Please print the full listing below exactly, but not the pictures in it.

» **Provided material**
----

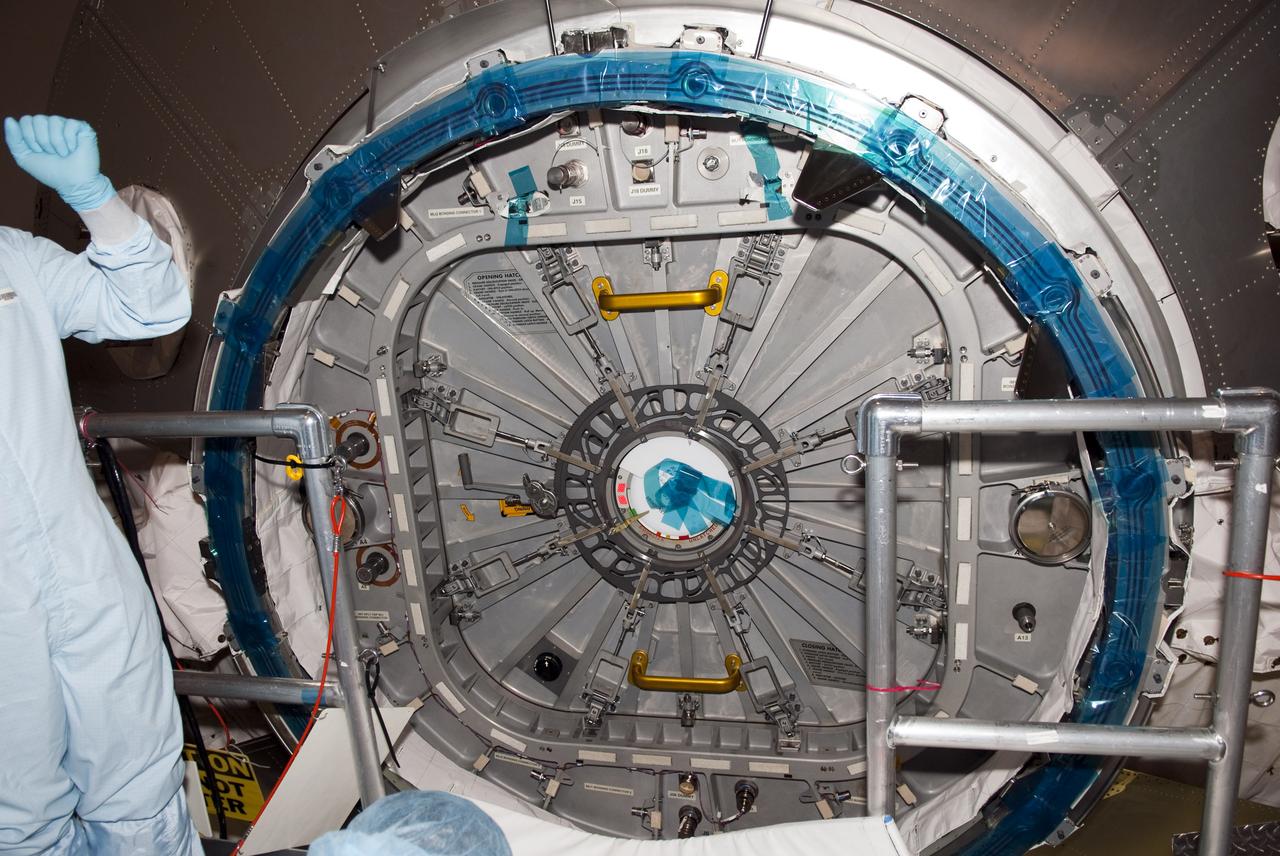 STS-131 MPLM LEONARDO HATCH CLOSURE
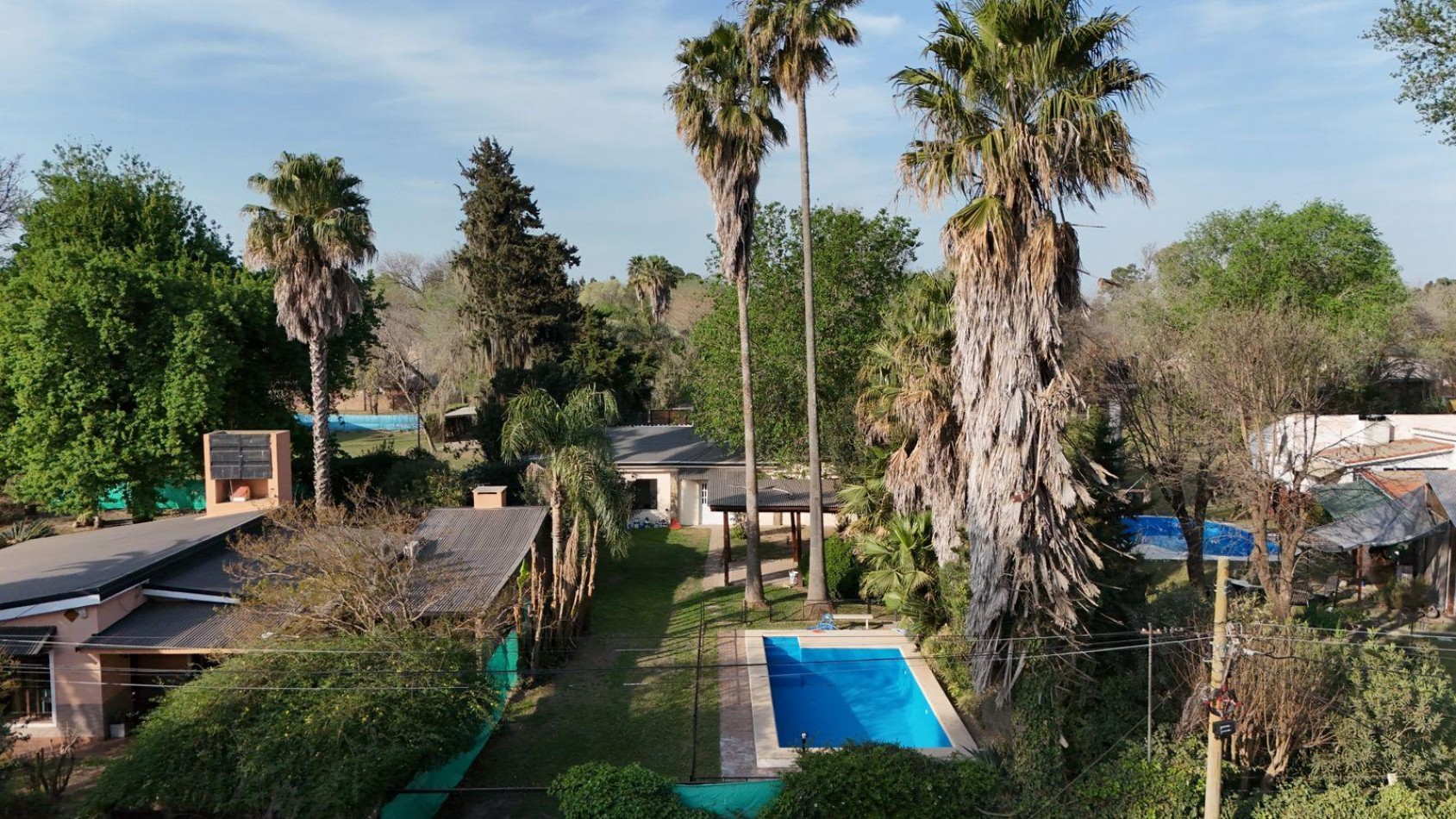 CASA EN ROLDAN CON PILETA 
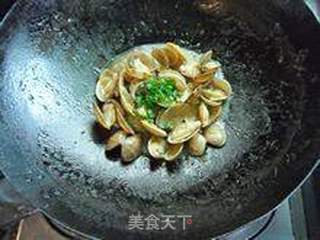 满口的浓郁酱汁-----咖喱酱花蛤的做法步骤:8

----

» **Output for this exercise**
 STS-131 MPLM LEONARDO HATCH CLOSURE
 CASA EN ROLDAN CON PILETA 
 满口的浓郁酱汁-----咖喱酱花蛤的做法步骤:8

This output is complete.